» **Assignment**:
The following data needs to be repeated exactly, with all images excluded.

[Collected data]
.....

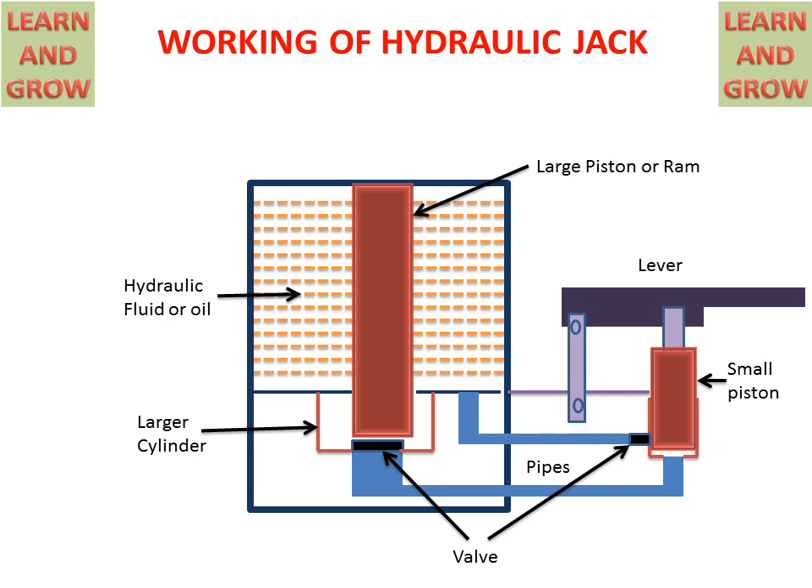Now we see the working of the hydraulic jack. When the lever applies force on the piston and the lever goes in the upward direction, this piston will also move in the upward direction. As the piston moves up, a vacuum is created in the cylinder, causing this valve to open.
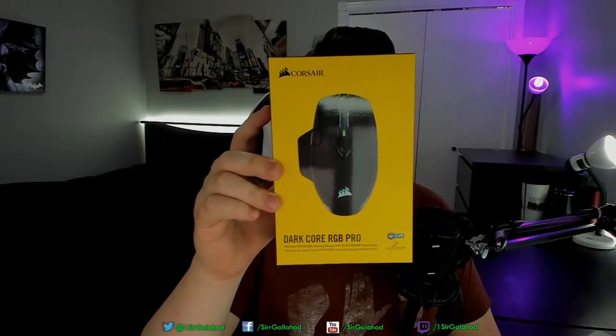Hello and welcome. My name is Tommy and today I am bringing you a review of the Razer Darkor RGB Pro. I did receive this product for free for review, however that won't bias my opinion in any way, shape, or form. So without further ado, let's dive in.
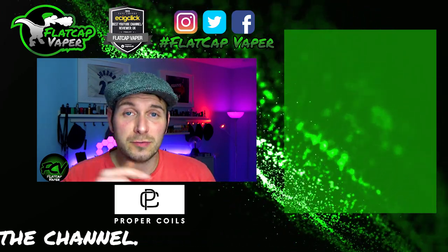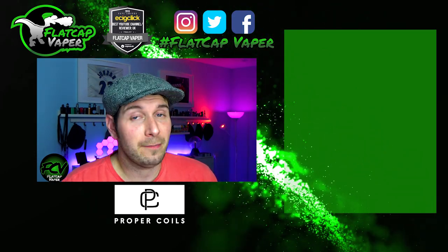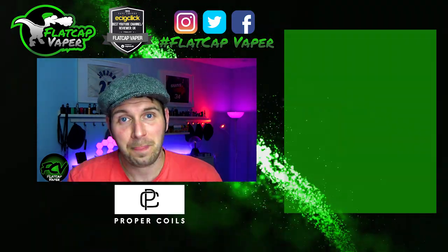I hope that's helpful, folks. If it was, hit the like button or subscribe if you fancy it. My latest reviews are right there. I'll see you tomorrow night for another midnight mouth to lung. I'm Flacker Vapor — thanks for watching.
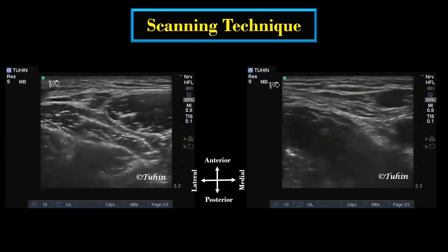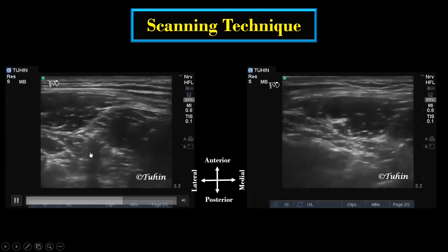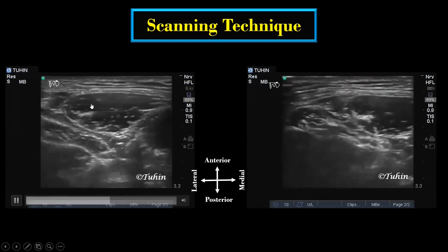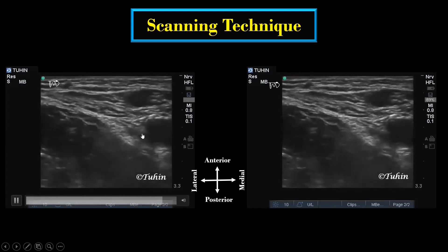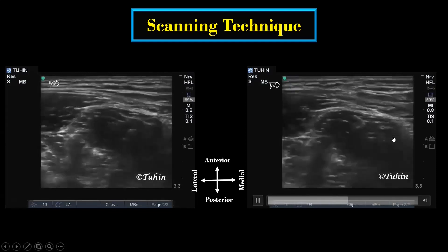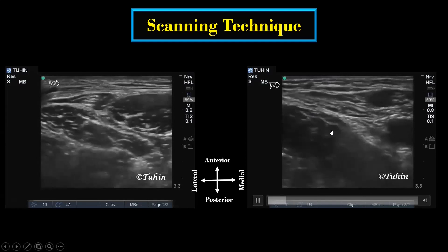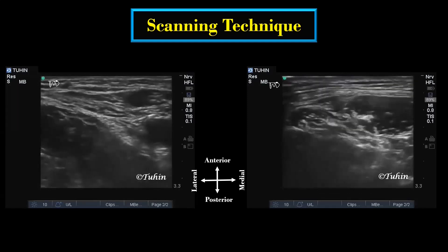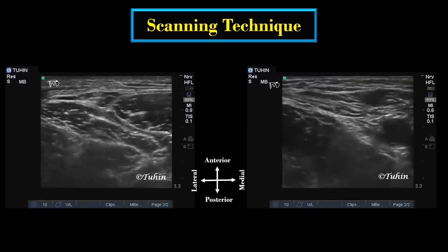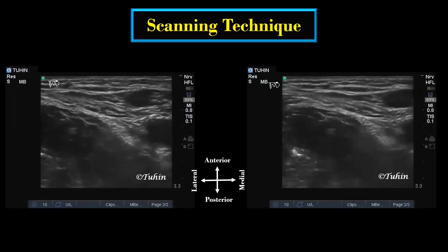Scanning involves identification of the lateral femoral cutaneous nerve and the femoral nerve in the same plane. In a lateral to medial direction, you will identify the LFCN first, and then moving the probe medially, you will identify the femoral nerve next to the femoral artery. I have already uploaded a detailed video on scanning technique using the inguinal crease as the starting point, and will provide the link in the description.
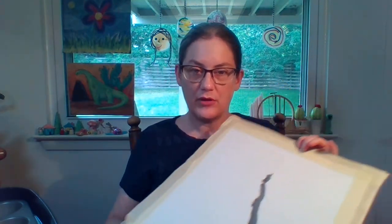Hi guys! Today we're going to do our next step of the batik, which is going to be painting it with the crayons. Yesterday we drew our picture, transferred it to fabric, taped it down to cardboard, and today we're going to start painting.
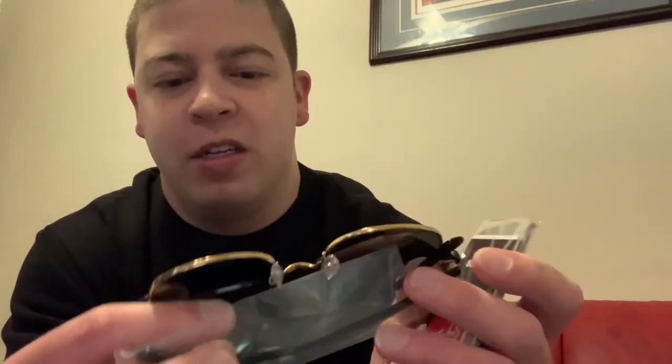Let's unbox it. Look at that — New Orleans Saints colors. Shiny black and gold. These are the Clubmaster Classics, polarized lens. And it comes with — all of them come with like a little cloth, you know, to keep your lens shiny and looking new.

.....

» **Answer for the task**:
Now we see the working of the hydraulic jack. When the lever applies force on the piston and the lever goes in the upward direction, this piston will also move in the upward direction. As the piston moves up, a vacuum is created in the cylinder, causing this valve to open.
Hello and welcome. My name is Tommy and today I am bringing you a review of the Razer Darkor RGB Pro. I did receive this product for free for review, however that won't bias my opinion in any way, shape, or form. So without further ado, let's dive in.
I hope that's helpful, folks. If it was, hit the like button or subscribe if you fancy it. My latest reviews are right there. I'll see you tomorrow night for another midnight mouth to lung. I'm Flacker Vapor — thanks for watching.
Scanning involves identification of the lateral femoral cutaneous nerve and the femoral nerve in the same plane. In a lateral to medial direction, you will identify the LFCN first, and then moving the probe medially, you will identify the femoral nerve next to the femoral artery. I have already uploaded a detailed video on scanning technique using the inguinal crease as the starting point, and will provide the link in the description.
Hi guys! Today we're going to do our next step of the batik, which is going to be painting it with the crayons. Yesterday we drew our picture, transferred it to fabric, taped it down to cardboard, and today we're going to start painting.
Let's unbox it. Look at that — New Orleans Saints colors. Shiny black and gold. These are the Clubmaster Classics, polarized lens. And it comes with — all of them come with like a little cloth, you know, to keep your lens shiny and looking new.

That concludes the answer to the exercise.